The records that follow must all be duplicated exactly.

Data for processing: Begin

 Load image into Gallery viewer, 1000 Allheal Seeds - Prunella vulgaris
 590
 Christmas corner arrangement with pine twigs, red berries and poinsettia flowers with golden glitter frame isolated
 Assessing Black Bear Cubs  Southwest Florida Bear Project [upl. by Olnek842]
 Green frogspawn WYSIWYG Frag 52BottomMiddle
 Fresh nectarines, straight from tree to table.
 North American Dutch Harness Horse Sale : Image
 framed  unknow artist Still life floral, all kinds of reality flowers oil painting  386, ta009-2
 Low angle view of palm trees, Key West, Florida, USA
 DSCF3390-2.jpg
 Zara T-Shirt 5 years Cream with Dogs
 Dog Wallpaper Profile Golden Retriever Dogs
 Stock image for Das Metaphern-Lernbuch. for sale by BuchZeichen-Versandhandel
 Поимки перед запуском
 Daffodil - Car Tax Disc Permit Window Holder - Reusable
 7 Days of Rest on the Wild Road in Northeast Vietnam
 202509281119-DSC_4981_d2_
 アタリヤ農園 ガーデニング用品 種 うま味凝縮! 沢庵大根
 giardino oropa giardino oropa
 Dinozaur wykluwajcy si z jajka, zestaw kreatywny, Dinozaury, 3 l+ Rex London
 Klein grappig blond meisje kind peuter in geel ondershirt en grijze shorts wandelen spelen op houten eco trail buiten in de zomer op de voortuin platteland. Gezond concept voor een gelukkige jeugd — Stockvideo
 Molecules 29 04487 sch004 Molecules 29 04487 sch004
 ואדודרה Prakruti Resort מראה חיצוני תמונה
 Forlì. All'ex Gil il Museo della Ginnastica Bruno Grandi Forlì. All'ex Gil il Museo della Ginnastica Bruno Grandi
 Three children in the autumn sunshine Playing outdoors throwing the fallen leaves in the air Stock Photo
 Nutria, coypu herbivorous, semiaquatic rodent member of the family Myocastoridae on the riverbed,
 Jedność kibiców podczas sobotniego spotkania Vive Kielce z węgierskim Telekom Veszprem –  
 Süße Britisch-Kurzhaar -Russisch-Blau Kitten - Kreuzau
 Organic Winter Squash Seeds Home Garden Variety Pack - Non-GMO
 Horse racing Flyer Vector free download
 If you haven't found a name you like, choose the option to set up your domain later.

Data for processing: End

▶ **Exercise output**
 Load image into Gallery viewer, 1000 Allheal Seeds - Prunella vulgaris
 590
 Christmas corner arrangement with pine twigs, red berries and poinsettia flowers with golden glitter frame isolated
 Assessing Black Bear Cubs  Southwest Florida Bear Project [upl. by Olnek842]
 Green frogspawn WYSIWYG Frag 52BottomMiddle
 Fresh nectarines, straight from tree to table.
 North American Dutch Harness Horse Sale : Image
 framed  unknow artist Still life floral, all kinds of reality flowers oil painting  386, ta009-2
 Low angle view of palm trees, Key West, Florida, USA
 DSCF3390-2.jpg
 Zara T-Shirt 5 years Cream with Dogs
 Dog Wallpaper Profile Golden Retriever Dogs
 Stock image for Das Metaphern-Lernbuch. for sale by BuchZeichen-Versandhandel
 Поимки перед запуском
 Daffodil - Car Tax Disc Permit Window Holder - Reusable
 7 Days of Rest on the Wild Road in Northeast Vietnam
 202509281119-DSC_4981_d2_
 アタリヤ農園 ガーデニング用品 種 うま味凝縮! 沢庵大根
 giardino oropa giardino oropa
 Dinozaur wykluwajcy si z jajka, zestaw kreatywny, Dinozaury, 3 l+ Rex London
 Klein grappig blond meisje kind peuter in geel ondershirt en grijze shorts wandelen spelen op houten eco trail buiten in de zomer op de voortuin platteland. Gezond concept voor een gelukkige jeugd — Stockvideo
 Molecules 29 04487 sch004 Molecules 29 04487 sch004
 ואדודרה Prakruti Resort מראה חיצוני תמונה
 Forlì. All'ex Gil il Museo della Ginnastica Bruno Grandi Forlì. All'ex Gil il Museo della Ginnastica Bruno Grandi
 Three children in the autumn sunshine Playing outdoors throwing the fallen leaves in the air Stock Photo
 Nutria, coypu herbivorous, semiaquatic rodent member of the family Myocastoridae on the riverbed,
 Jedność kibiców podczas sobotniego spotkania Vive Kielce z węgierskim Telekom Veszprem –  
 Süße Britisch-Kurzhaar -Russisch-Blau Kitten - Kreuzau
 Organic Winter Squash Seeds Home Garden Variety Pack - Non-GMO
 Horse racing Flyer Vector free download
 If you haven't found a name you like, choose the option to set up your domain later.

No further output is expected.